### SOURCE DATA
___
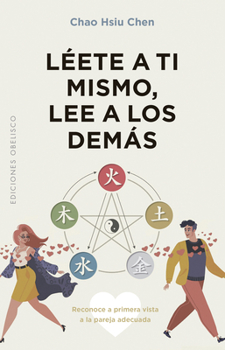 Paperback Léete a Ti Mismo, Lee a Los Demás [Spanish] Book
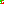Destellos dst-10106631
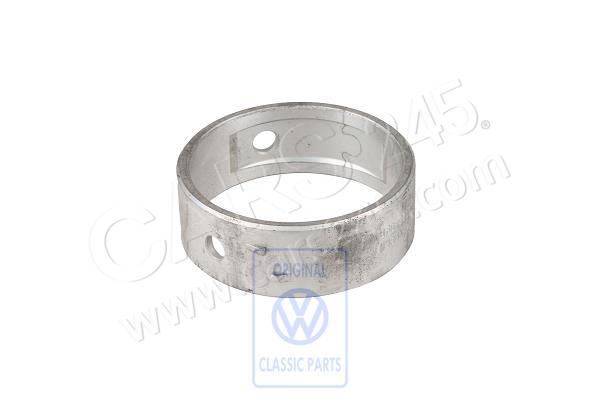 Crankshaft bearing Volkswagen Classic 025105569BROT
___
### YOUR INSTRUCTIONS
Restate the material above word for word, dropping the pictures.

### RESPONSE AREA
 Paperback Léete a Ti Mismo, Lee a Los Demás [Spanish] Book
Destellos dst-10106631
 Crankshaft bearing Volkswagen Classic 025105569BROT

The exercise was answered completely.